Como lembraram as magistradas, estes financiamentos “resultam de concursos públicos lançados pelo governo local, neste caso angolano, e se no grupo tivessem 70% de participação da Sonangol, que é uma empresa pública”, isso violaria as regras. Bonina concluiu mesmo: “Como não sabe a quem pertence o grupo, não consegue negar que 70% sejam da Sonangol”.
Sobre isto, a testemunha pouco esclareceu, lembrando apenas serem poucos os financiamentos conseguidos do Banco Mundial.

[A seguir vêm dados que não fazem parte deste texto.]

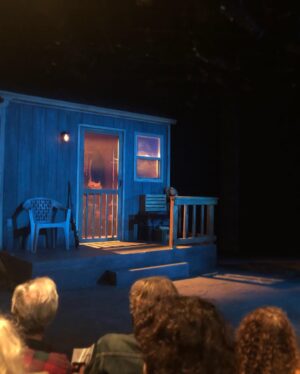 Allegra Edwards Instagram - The word is *stunned.* I was stunned by the language, the direction, the ensemble, and the immediacy of this play. I was stunned by the questions it posed and the buzzy queasy feelings it left with me. And above all, I was stunned by the depth and range and power and presence of my sister, Evangeline. She is a dynamo, a rocket launching. So grateful to witness her lift-off. GO SEE THIS SHOW. Heroes of the Fourth Turning is now playing at @roguemachinetheatre 📿
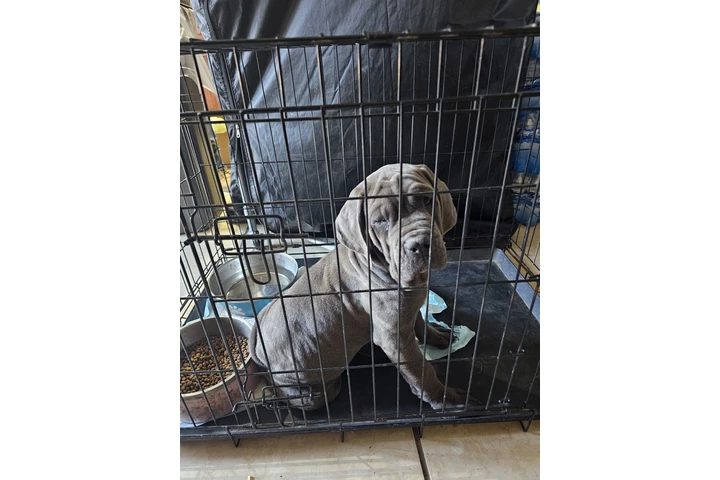 $650 : Cane corso image 2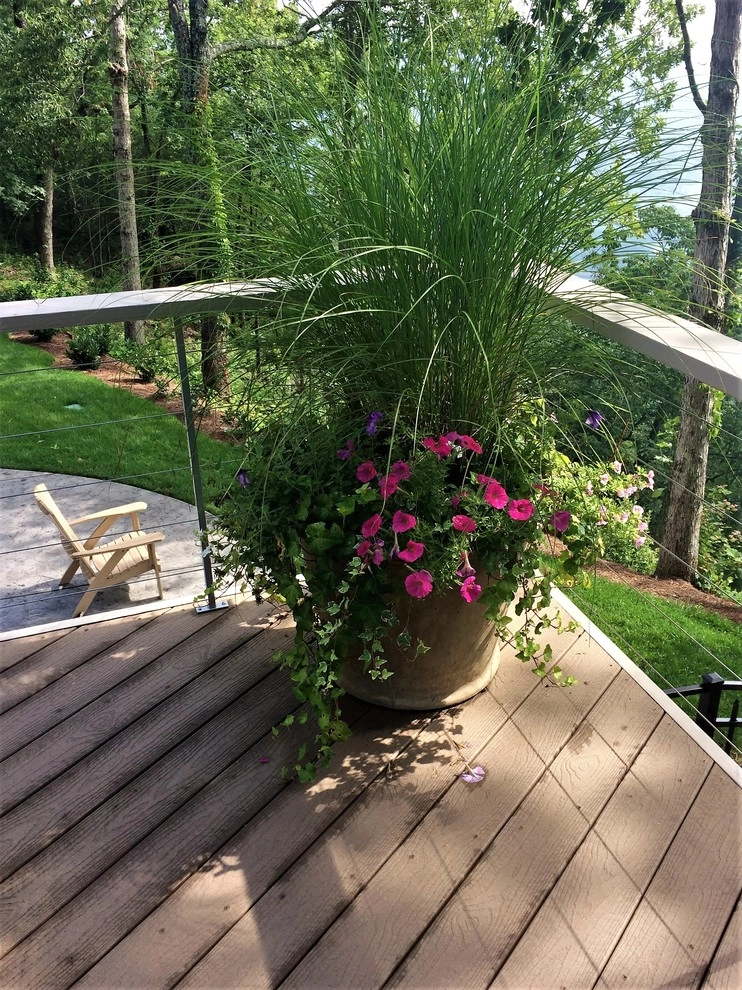 Elder Mountain Woodland Estate by Dream Gardens Landscape Design & Installation - Photo 12
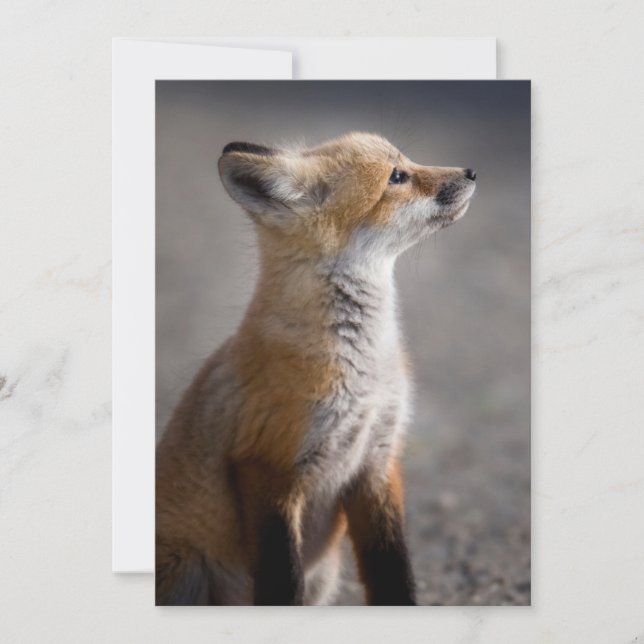 Cutest Baby djur | Baby Fox Porträtt Tack Kort (Framsida)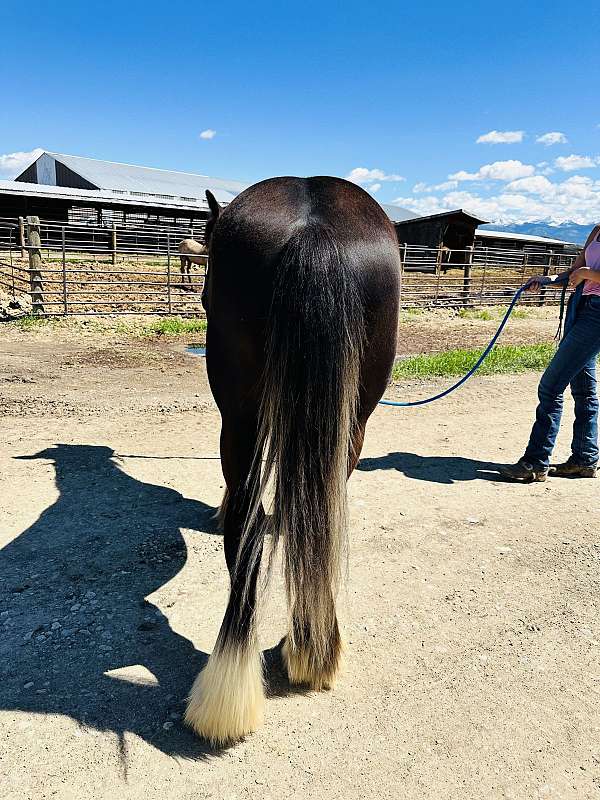 have-a-foal-gypsy-vanner-horse
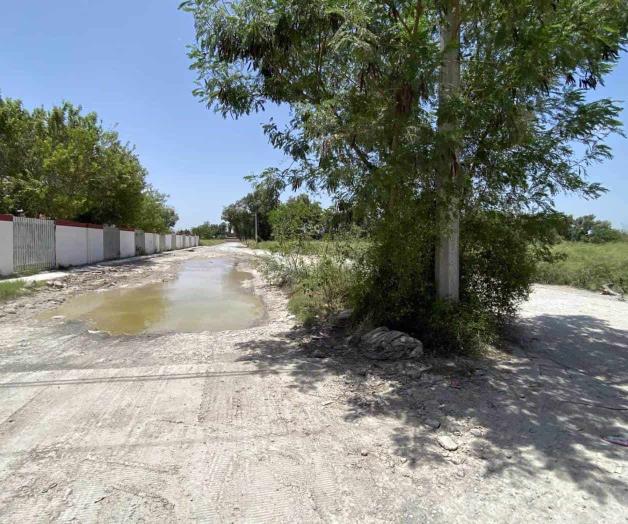 Olvidan mantenimiento Olvidan mantenimiento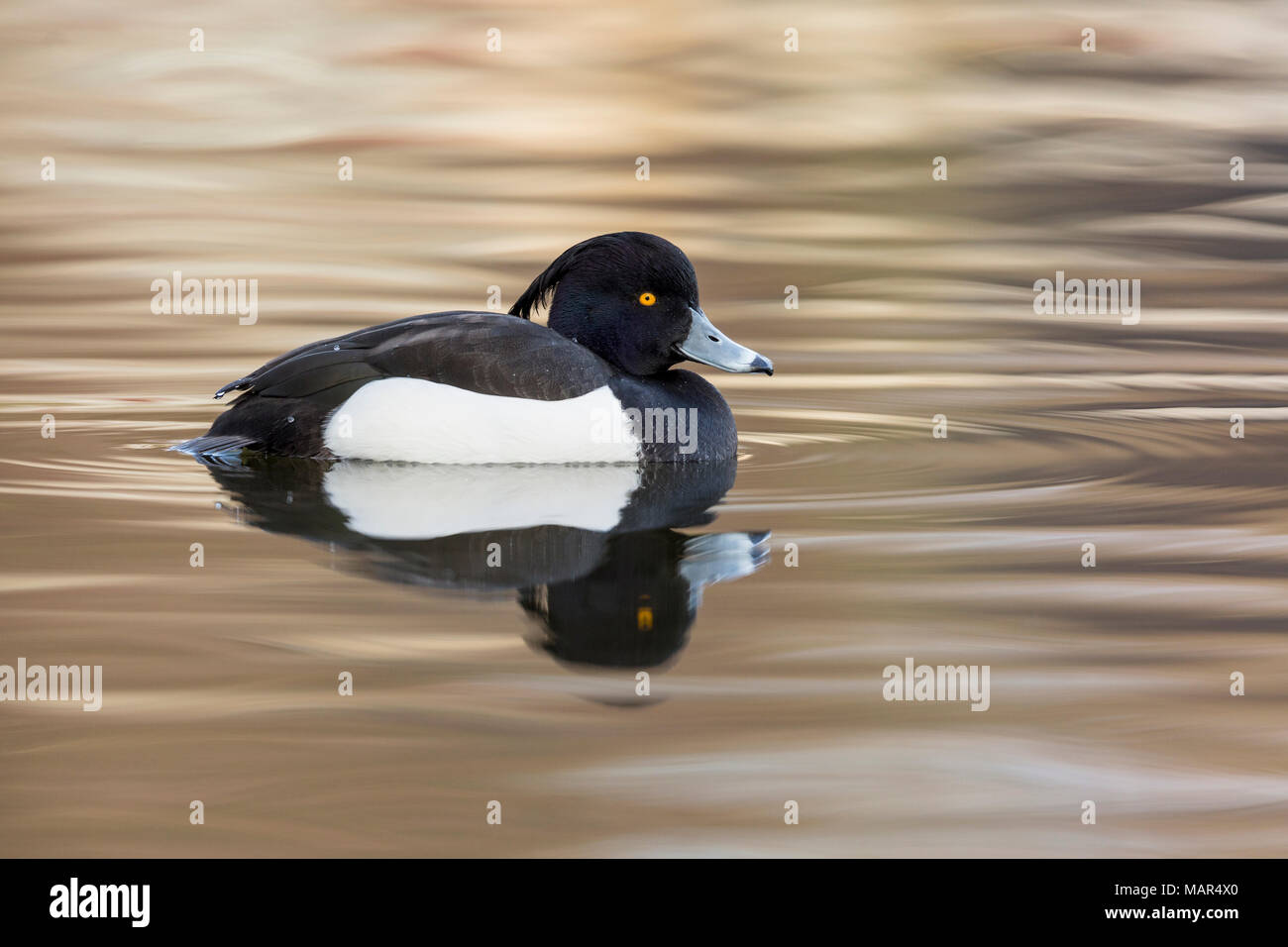 Unico Moretta Aythya fuligula mostra la riflessione in acqua Foto Stock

A locomotiva fantasma A parte da tarde de ontem do julgamento Fizz foi dedicada a ouvir Luís Carvalho, que além de ter sido diretor financeiro é acionista da Coba, tendo em 2010 vendido parte da sua posição ao mesmo consórcio – hoje tem apenas 2,7%, participação que diz ter um valor aproximado de 300 mil ou 400 mil euros.
Com esta testemunha ficaram ainda mais respostas por dar. Disse que era fundamental ter a certeza de que o consórcio era de confiança, mas depois afirmou não saber ao certo a quem vendeu.
“A baixa drástica do mercado português levou-nos a pensar nuns parceiros. Houve um fundo que chegou a fazer due diligences para perceber se tinha interesse em comprar-nos”, começou por dizer, adiantando que depois disso chegou a proposta do general angolano Leopoldino do Nascimento.
O objetivo da Coba, conta, era encontrar uma locomotiva que puxasse a empresa numa altura difícil. Para isso, explica, era preciso que “o comprador desse essa garantia de locomotiva”. Ainda assim a venda concretizou-se, contou em tribunal, sem que se soubesse ao certo quem eram os reais detentores.
“Vendi a minha parte a uma empresa chamada Berkeley”, disse, acrescentando que mesmo não sabendo quem eram os detentores, para si o consórcio “tinha uma cara muito concreta, a de Lopo do Nascimento”.
Ainda hoje este consórcio detém os 70% da Coba.
Sonangol nega ligação à Primagest Tal como o semanário “Sol” noticiou no passado sábado, no processo consta uma declaração da Sonangol em que se nega qualquer ligação à Primagest. Tal documento foi citado no último requerimento entregue pela defesa de Manuel Vicente, ex-vice-presidente de Angola, acusado de ter subornado Orlando Figueira para que este arquivasse inquéritos que o visavam. O objetivo da defesa é que a parte do ex-governante angolano e ex-presidente da Sonangol seja julgada em Luanda.